Boston Globe – Big Picture Mumbai

Monday, December 1st, 2008

Thanks to EPUK for sending me a link to a dramatic set of large images of recent events in Mumbai on the Boston Globe site.

Last week I went to see the World Press Photo exhibition, on show at the Festival Hall on London’s South Bank until Dec 7.  Worth a visit if you are passing, though you can also see the work online.  Some of it possibly looks better on the screen than on the wall, although other images are more impressive on a large scale.

WPP does sometimes seem to be more about the dramatic nature of the incident than the quality of the photography – though often the two coincide. But there are a few images on the Boston Globe roundup that I would not be surprised to see featuring in the 2009 prizewinners. It is incidentally, one of the easiest contests to submit an entry to, and it is free to enter – if one of the hardest to win. You have until 15 Jan to send in your work,whether over the internet or by courier.

Paris Photo and Japan

Monday, December 1st, 2008

There is much more I could say about Paris Photo, but much was the same as ever, or perhaps more so. At many gallery spaces it was very much a case of deja vu, and there were some images I welcomed as old friends, in particular a very nice Steichen gum platinum print and some fine dye transfers of artists studios by Evelyn Hofer. If one can’t own such beautiful objects it is at least nice to see them on a regular basis.

However there were other works I would be happy never to see again, and indeed some I would happily add to a bonfire or put back in the photographers rubbish bin from which some ‘vintage works’ do appear to have been ‘rescued.’ I think the gallery scene lacks any mechanism for dealers to admit to making mistakes – they just have to keep on putting out the work and hope that suckers will take the bait.

It was good to see some of the Japanese work, in particular some fine large prints by Daido Moriyama which made a nice comparision with work by William Klein it was shown alongside. It was disappointing not to see more work from Eikoh Hosoe, but there was a magnificient very large screen made from his picture of a Kamaitachi running across a rice paddy, a wide open and highly luminous patchwork landscape. This very large inkjet print made on silk paper was truly one of the most desirable objects in the show.

There is a lengthy illustrated essay by Mariko Takeuchi, guest curator of the “Spotlight on Japan” at the show on lensculture which attempts the kind of overview of Japanese photography that would be beyond me. However, there are a few things  it fails to mention, for example what was possibly a vital influence on photography in Japan in the 20th century (it was listed on the very detailed history board in the exhibition) in 1931 when ‘Film und Foto‘ brought the modern photography world to tour Japan.

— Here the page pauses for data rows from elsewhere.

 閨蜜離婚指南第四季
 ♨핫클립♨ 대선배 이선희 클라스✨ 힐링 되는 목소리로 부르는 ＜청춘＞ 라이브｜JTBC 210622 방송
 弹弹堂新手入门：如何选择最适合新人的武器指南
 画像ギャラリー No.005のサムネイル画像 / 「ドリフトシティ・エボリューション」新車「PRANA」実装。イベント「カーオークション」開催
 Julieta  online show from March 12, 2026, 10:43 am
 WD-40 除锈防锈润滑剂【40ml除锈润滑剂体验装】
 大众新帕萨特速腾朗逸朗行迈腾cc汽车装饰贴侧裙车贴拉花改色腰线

Also without a mention is one of my favourite Japanese photographers, Issei Suda (b1940), (you can see around 30 of his pictures – though not my favourite works at the site of the  Portland USA Charles A Hartman gallery.) I was pleased to see pictuers by Suda both at both Galerie Priska Pasquer from Cologne and a particularly fine image with a tatooed torso, from Zeit-Foto Salon from Tokyo. Its a picture that’s hard to describeand I can’t find on the web, so here I’ll do something I don’t like to do and put my very bad snap, taken as an ‘aide-memoire’  and full of reflections, on line. (Incidentally everyone seems happy with people taking pictures of the pictures at the show – which comes as a little shock after some museum policies. )

(C) Issei Suda, Zeit-Foto Salon
One of four Issei Suda images on Zeit-Foto Salon Tokyo stand at Paris Photo

Another fine image on the same stand was a large print by Ihei Kimura (1901-74) one of a generation across the world whose creativity emerged with the Leica, and whose work desrves to be more widely known here.

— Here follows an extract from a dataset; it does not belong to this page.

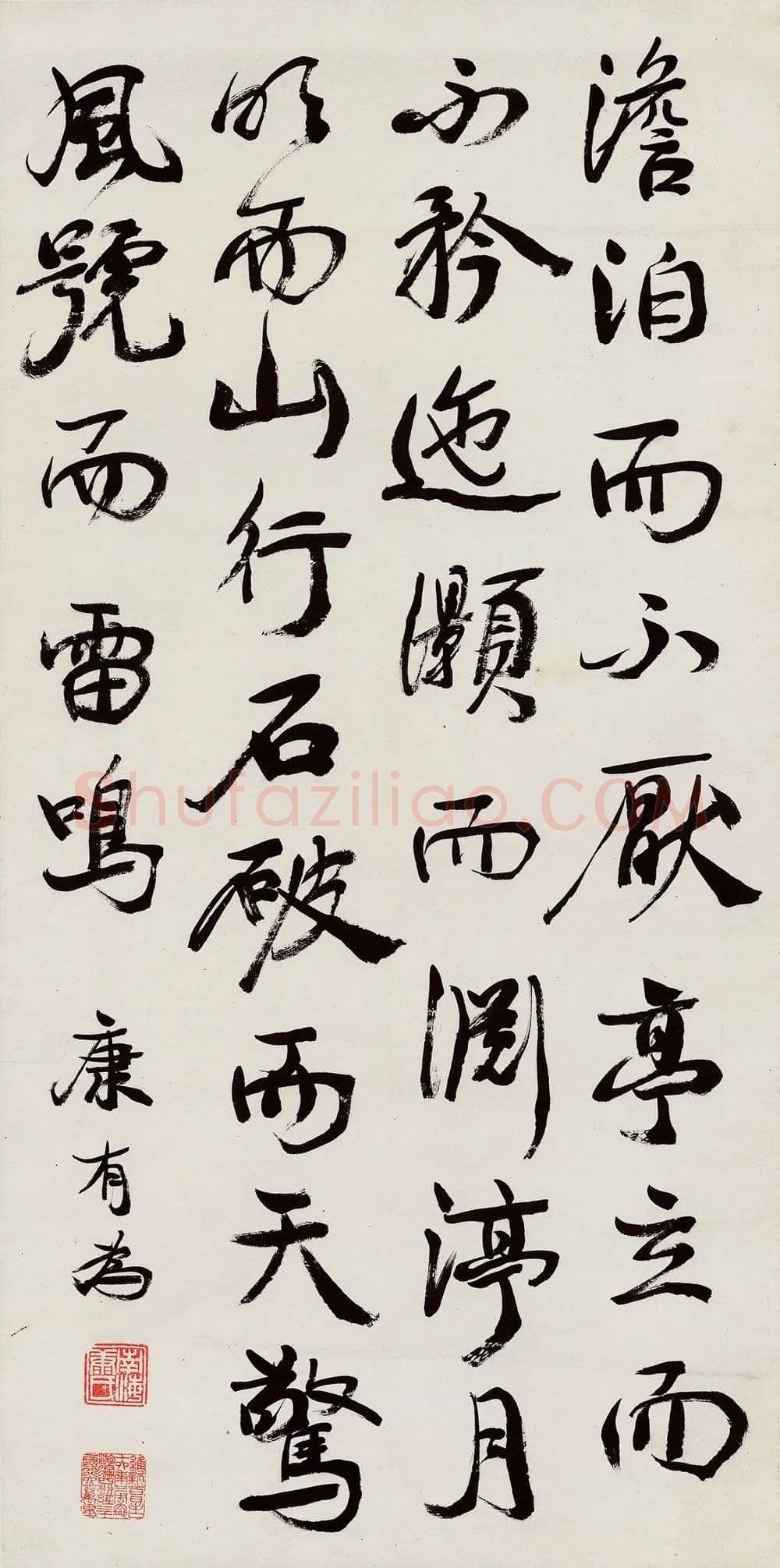 康有为《行书感言轴》纸本行书 81×40.3cm 江苏省美术馆藏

Takeuchi does mention Kimura, and also another phtogorapher whose prints I liked, Tomoko Yoneda, whose black and white pictures seen through the spectacle lenses of the famous have for me a very Bauhaus feel.  Another photographer who doesn’t get a look in is the only one of the more recent photographers from Japan who held any great interest for me, Nobuhiro Fukui, who I mentioned in an earlier post.